Look at the traditional newspaper and news industry. 20 years after the public internet exploded onto the world, once prosperous news organizations are suffering or have shuttered their doors while a few have made a transition to become a lesser creature living off the crumbs of online advertising. Is Apple helping the news industry or hurting the industry?
The Nature Of Change
Change is a bitch. Those in the railroad industry forgot what they provided to people– transportation– and failed to adopt to changes in technology; automobiles, trucks, and airplanes.
Likewise, technology has helped the traditional print and broadcast news industry to prosper for decades, and now technology threatens to bring them down. A few years ago, when Apple introduced Newsstand to iPhone and iPad, I thought Apple was attempting to help the traditional news and information industries, but that’s been an abysmal failure; an app which is hardly noticed or used by the masses.
For iOS 9, Apple has introduced a new app which looks and feels much like the popular Flipboard app for iPhone and iPad, but, sad to say, doesn’t work as well, and I’m not convinced that Apple’s model will help the industry anyway.
Here’s a problem. News, information, and entertainment have become commodities and people don’t want to pay for what is available somewhere else for free. YouTube? Free. And the younger generation is using YouTube to replace content and entertainment that once came with a price tag. Most news and entertainment organizations have apps to deliver their content, which, on the surface would seem to make more of their wares available to the masses, but the business model is unproven and has done little to stem the tide of change.
Here’s another part of the problem. With so much content freely available in whatever form, content itself has become devalued. The Wall Street Journal and New York Times and many other formerly great news organizations run suspect and controversial content simply to gin up page views for the sake of advertising revenue. Broadcast organizations are not exempt, either. Fox News and MSNBC are not so much about news coverage as they are agenda building. Somewhat more traditional CNN has suffered at the hands of change, itself a victim of sensationalist over rationalism.
Where does Apple stand in the battle raging around information and entertainment?

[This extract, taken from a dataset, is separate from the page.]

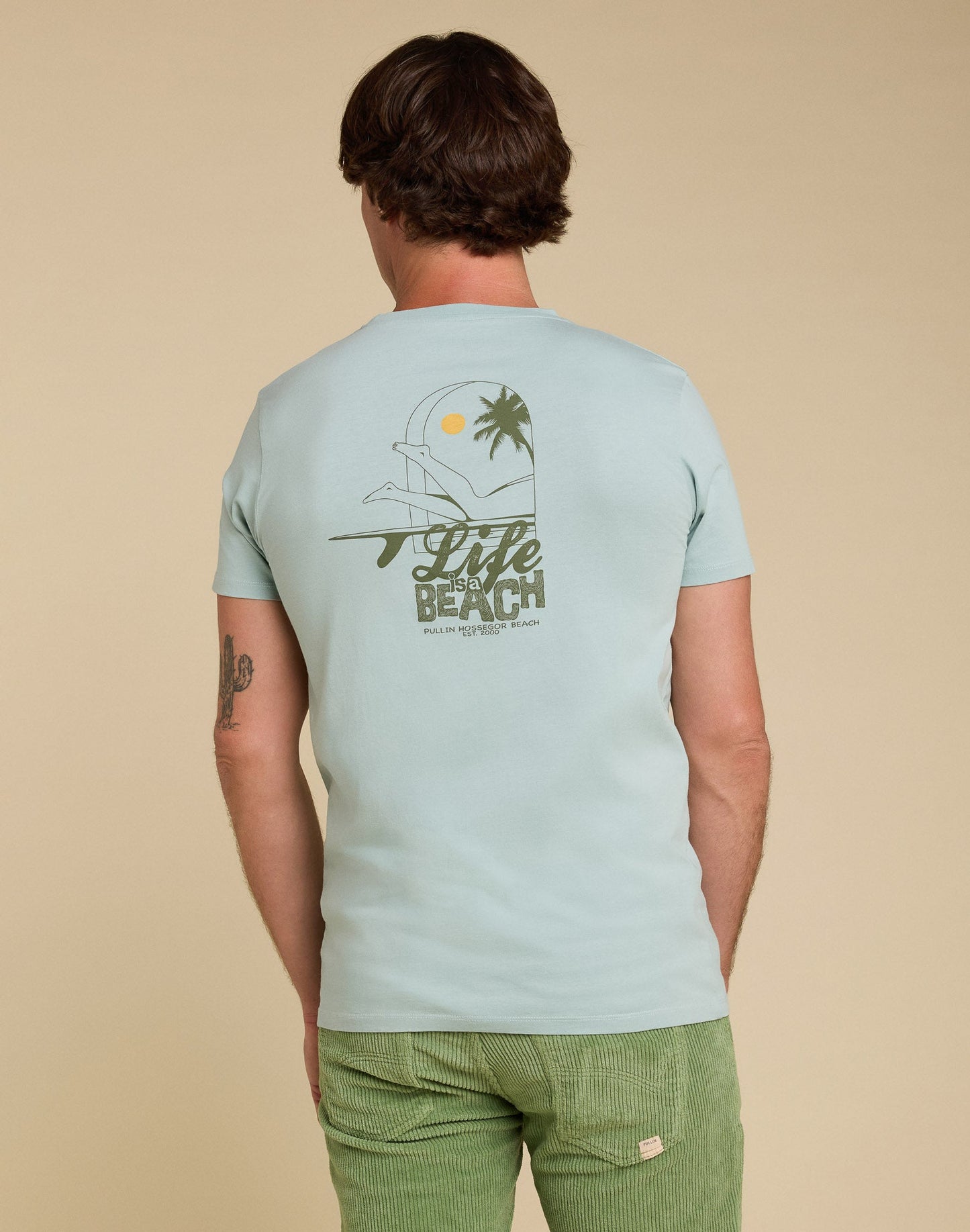 Pull-in T-Shirt Life Is A Beach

Apple pays lip service to the former, and makes money on the latter, so it’s easy to see why the iTunes business is such a big hit, why Newsstand failed miserably, and why the upcoming News app already has critics lined up to bash it at birth. Apple News in its current form is little more than a bundled RSS reader. While Flipboard has become popular because of its ease of use and its limited magazine-like advertising, I find myself skimming far more than reading, and that’s another danger when information and entertainment have become mere commodities for the masses.
What I want with news, information, and entertainment is already available but often overlooked by critics and readers alike. Apps. Or, rather, an app collective app, a simple way to select and then view or read many different news, information, and entertainment sources with a few taps or clicks, and without being hounded by obnoxious in-your-face advertising, and the fear of being tracked by unscrupulous advertisers (Google, I’m looking at you and your crowd).
I have a few folders on my iPad which are home to a growing number of website apps; news, information, entertainment. That’s my collective, and I’m willing to bounce between apps, and be assaulted with advertising because I want to learn, be informed, and be entertained. Apple’s Newsstand tried to do something similar, but the ongoing price tag was too high. Content is a commodity and paying for even good content has become an unwanted exercise. Another fear is that Apple doesn’t care. The company is all about turning a profit on what it designs, builds, and distributes, and attempts to help the news and information components of the content industry have been anemic for a reason. There’s no money in it anymore.